View mode: basic / threaded / horizontal-split · Log in · Help
November 24, 2005
Re: Unified String Theory..
I want to thank everyone for reading and posting opinions on my proposal.

It appears I have done a bad job explaining some of it, and some of it  
simply doesn't work. I have a modified idea in mind which I think might  
work a whole bunch better and should also be much simpler too.

Thanks everyone.

Regan
November 24, 2005
Re: Unified String Theory..
Regan Heath wrote:
> On Thu, 24 Nov 2005 13:34:51 +0200, Jari-Matti Mäkelä  
> <jmjmak@invalid_utu.fi> wrote:
> 
>> Regan, your proposal is absolutely too complex. I don't get it and I  
>> really don't like it. D is supposed to be a _simple_ language. Here's 
>> an  alternative proposal:

Sorry for being a bit impolite. I just wanted to show that it's 
completely possible to write Unicode-compliant programs without the need 
for several string-keywords. I believe a careful design&implementation 
removes most of the performance drawbacks.

> Thanks for your opinion. It appears some parts of my idea were badly  
> thought out. I was trying to end up with something simple, it seems a 
> few  of my choices were bad ones and they simply complicated the idea.
> 
Thanks for bringing up some conversation. As you can see, neither of us 
is perfect => designing a modern programming language isn't as easy as 
it might have seen.

> I was trying to avoid picking any 1 type over the others (as you have  
> suggested here).

Actually I have to change my opinion. I think it would be good, if the 
compiler were allowed to choose the correct encoding. I don't think 
there will be any serious problems since nowadays most Win32-things use 
UTF-16 and *nix-systems UTF-8.

> It appears now that I should replace all my talk about cp1, cp2, cp4 
> and  cpn with "all characters are stored in a 32 bit type called uchar". 
> If  anyone has a problem with that, I'd direct them to take a look at  
> std.format.doFormat and std.stdio.writef which convert all char[] data  
> into individual dchar's before converting it back to UTF-8 for output 
> to  the screen.

That is one solution. Although I might let the compiler decide the encoding.

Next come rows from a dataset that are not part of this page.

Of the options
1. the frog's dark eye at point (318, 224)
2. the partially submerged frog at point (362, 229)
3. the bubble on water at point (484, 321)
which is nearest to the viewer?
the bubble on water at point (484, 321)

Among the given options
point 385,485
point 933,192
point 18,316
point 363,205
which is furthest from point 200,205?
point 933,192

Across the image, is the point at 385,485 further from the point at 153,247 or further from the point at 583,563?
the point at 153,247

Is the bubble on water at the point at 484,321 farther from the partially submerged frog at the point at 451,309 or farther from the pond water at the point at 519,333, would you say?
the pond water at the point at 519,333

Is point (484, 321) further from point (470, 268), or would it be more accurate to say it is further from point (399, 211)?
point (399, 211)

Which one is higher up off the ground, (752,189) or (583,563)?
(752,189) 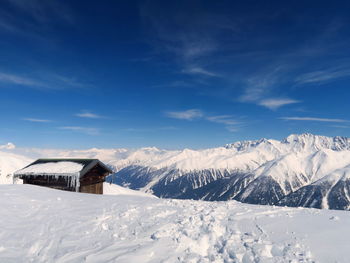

>> Please stop whining about the slowness of utf-conversions. If it's  
>> really so slow, I would certainly want to see some real world benchmarks.
> 
> I mention performance only becase people have been concerned with it in  
> the past. I too have no idea how much time it takes and would like to 
> see  a benchmark. The fact that D is already doing it with writef and 
> no-one  has complained...

I can't say anything about the overall complexity class for programs 
that do Unicode, but at least my simple experiments [1] show that 
unoptimized use of writefln is 'only' 50% slower than optimized use of 
printf in C (both using the same gcc-backend). Though I'm not 100% sure 
this program of mine actually did any transcoding. In addition, I think 
most 'static' conversions can be precalculated.

[1] http://www.digitalmars.com/drn-bin/wwwnews?digitalmars.D.learn/1983

Jari-Matti
November 24, 2005
Re: Unified String Theory..
Regan Heath wrote:
> But people don't care about code units, they care about characters. 
> When  do you want to inspect or modify a single code unit? I would say, 
> just  about never. On the other hand you might want to change the 4th 
> character  of "smörgåsbord" which may be the 4th, 5th, 6th, or 7th index 
> in a char[]  array. Ick.

True. BTW, is there a bug in std.string.insert? I tried to do:

char[] a = "blaahblaah";
std.string.insert(a, 5, "öö");
std.stdio.writefln(a);

Outputs:

blaahblaah

>> When would you actually need character based indexing?
>> I believe the answer is less often than you think.
> 
> Really? How often do you care what UTF-8 fragments are used to 
> represent  your characters? The answer _should_ be never, however D 
> forces you to  know, you cannot replace the 4th letter of "smörgåsbord" 
> without knowing.  This is the problem, IMO.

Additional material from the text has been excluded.